[Short web captions]
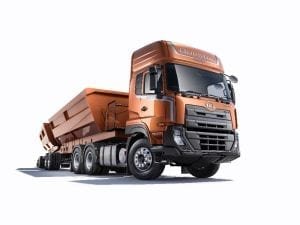 Quester - Executive-Women UD Trucks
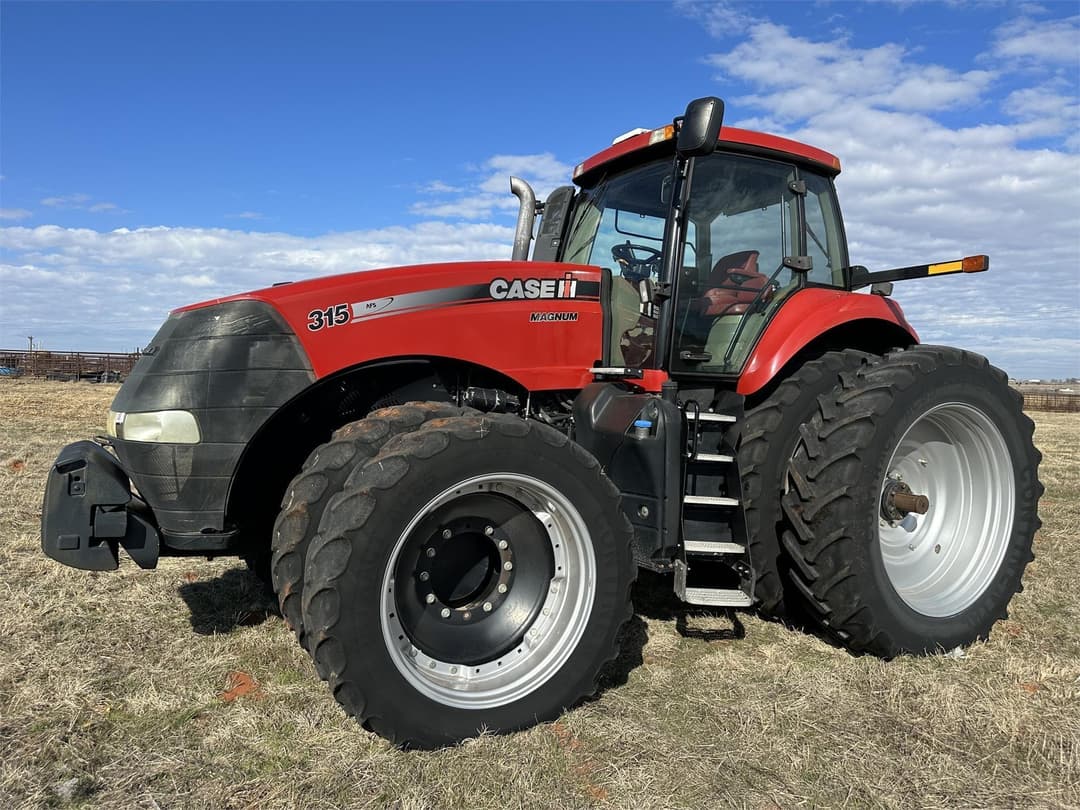 Image of Case IH Magnum 315 Primary image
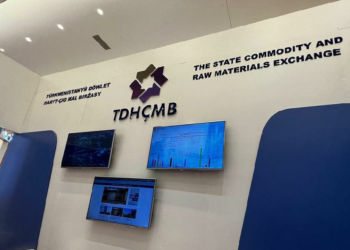 Turkmenistan records fresh textile deals on commodity exchange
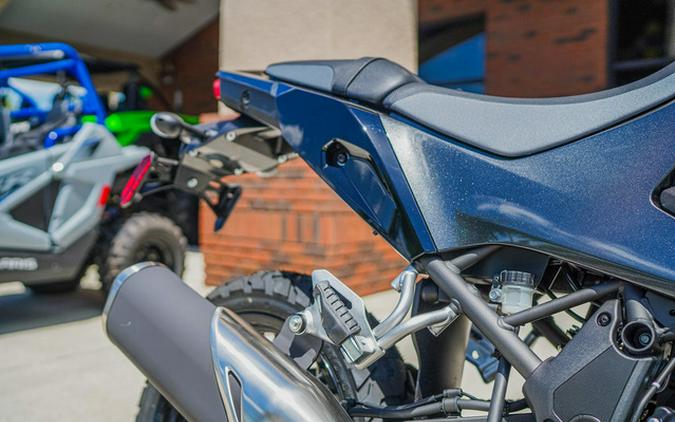 2026 Kawasaki KLE 500 ABS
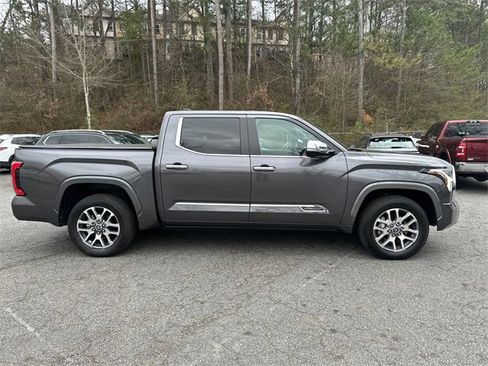 Used 2024 Toyota Tundra 1794 Edition image 4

**What is required**
The answer must be an exact transcription of the lines from the one holding "2026 Kawasaki KLE 500 ABS" to the last line of the entries above, with no pictures and nothing else.

**Problem solution**
 2026 Kawasaki KLE 500 ABS
 Used 2024 Toyota Tundra 1794 Edition image 4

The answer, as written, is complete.